▶ _Activity_: Omit all images, then repeat exactly the lines below from the one containing "Created With a Purpose Women's T-Shirt" through the one containing "Lululemon ABC Jogger", both ends included.

▶ _Provided records_:
########################################
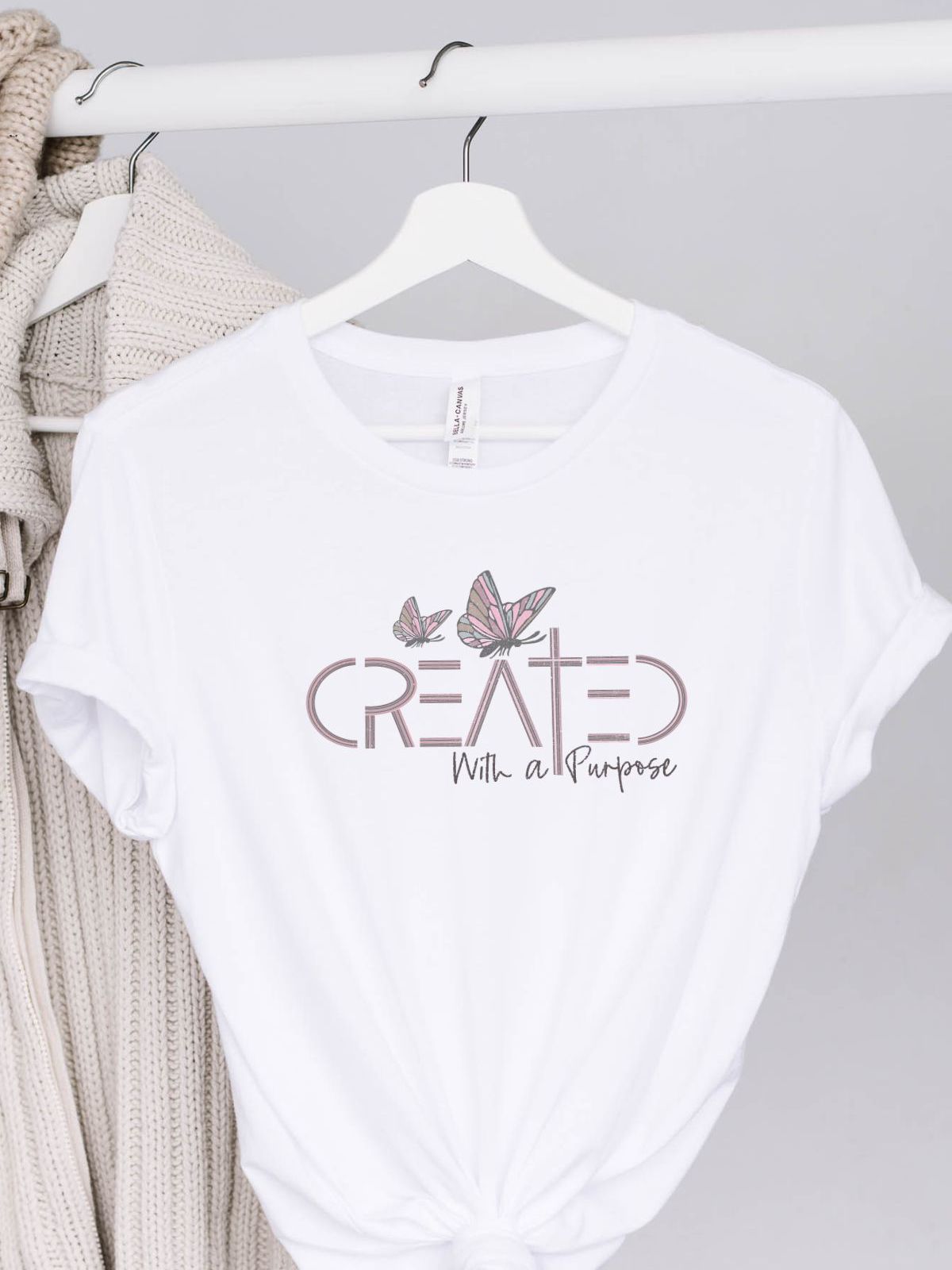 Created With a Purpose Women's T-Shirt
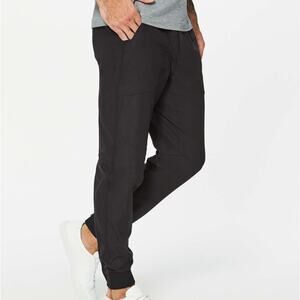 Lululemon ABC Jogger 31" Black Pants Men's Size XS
########################################
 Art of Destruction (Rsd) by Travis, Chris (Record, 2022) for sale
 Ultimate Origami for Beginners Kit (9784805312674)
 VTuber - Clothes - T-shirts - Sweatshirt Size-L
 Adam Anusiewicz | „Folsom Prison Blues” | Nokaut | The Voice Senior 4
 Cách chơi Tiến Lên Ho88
########################################
▶ _Output for this task_:
 Created With a Purpose Women's T-Shirt
 Lululemon ABC Jogger 31" Black Pants Men's Size XS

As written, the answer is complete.